## Aim of the task
Your answer must match the records word for word and contain no pictures.

(Stored dataset items)
┄┄┄┄┄┄┄┄┄┄

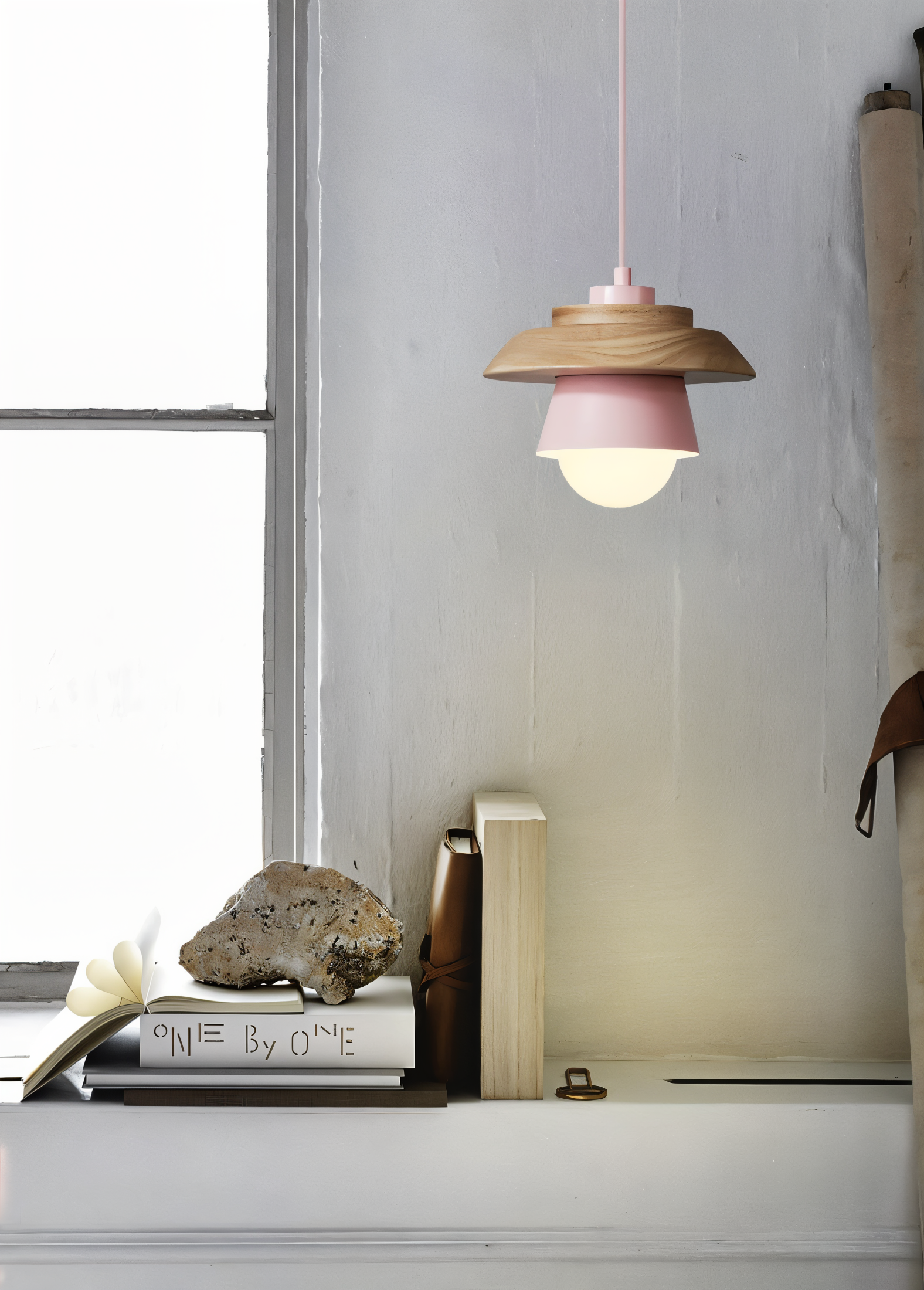 ScandiHue Suspension – Lampe Suspendue Scandinave en Bois et Métal avec Couleurs Macaron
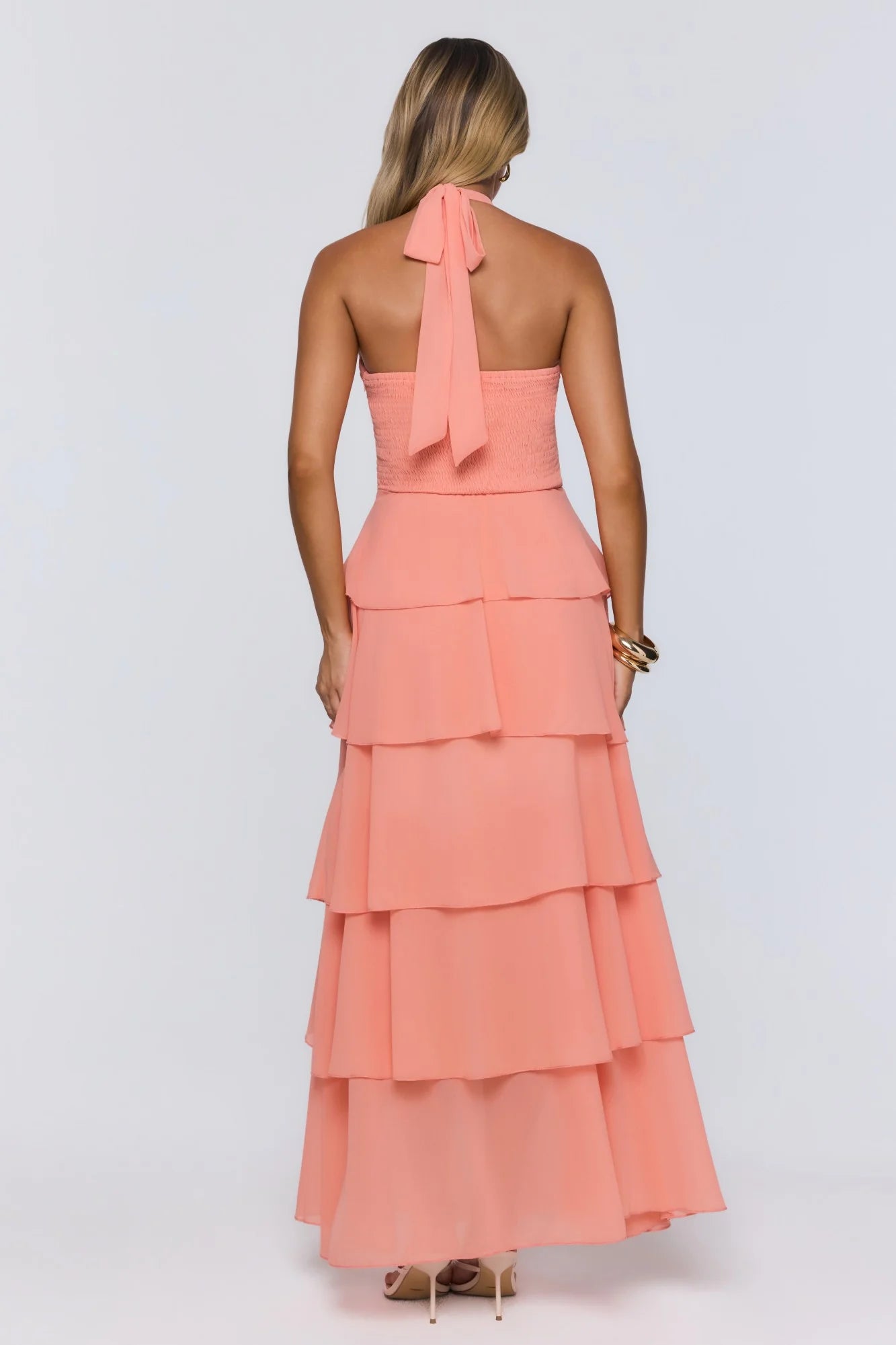 Coral Halter Neck Tiered Chiffon with Keyhole Evening Dress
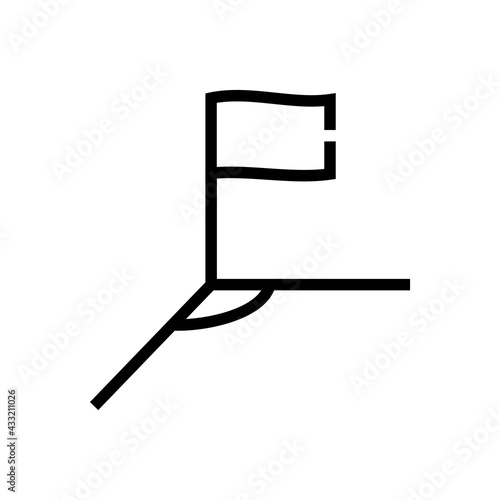 Football or Soccer Field Corner Vector icon in Outline Style. The corner of the soccer field is the place for the corner kick. Vector illustration icons can be used for apps, websites, or logo.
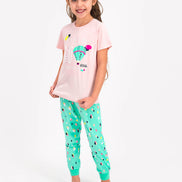 Roly Poly Kız Çocuk Pijama Takımı Kısa Kol Dream Big Desenli - V1 Süprem Kumaş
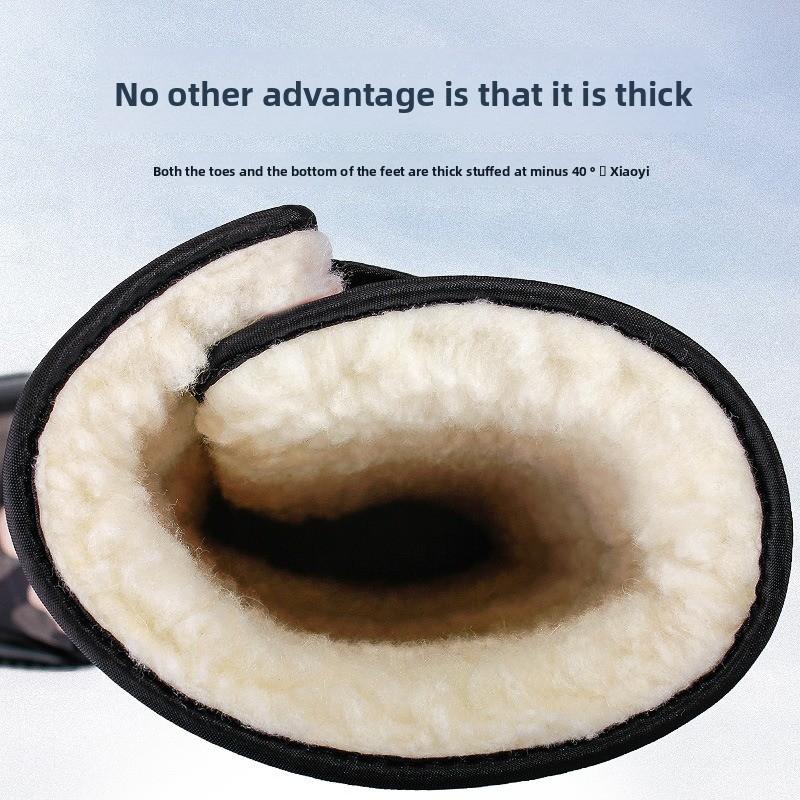 Fashion Winter Couple Boots Plush Warm Snow Boots Mid-calf Cotton Shoes Plush Couple Winter Boot Outdoor Non Slip Platform Boots for Men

┄┄┄┄┄┄┄┄┄┄

## Completed task
 ScandiHue Suspension – Lampe Suspendue Scandinave en Bois et Métal avec Couleurs Macaron
 Coral Halter Neck Tiered Chiffon with Keyhole Evening Dress
 Football or Soccer Field Corner Vector icon in Outline Style. The corner of the soccer field is the place for the corner kick. Vector illustration icons can be used for apps, websites, or logo.
 Roly Poly Kız Çocuk Pijama Takımı Kısa Kol Dream Big Desenli - V1 Süprem Kumaş
 Fashion Winter Couple Boots Plush Warm Snow Boots Mid-calf Cotton Shoes Plush Couple Winter Boot Outdoor Non Slip Platform Boots for Men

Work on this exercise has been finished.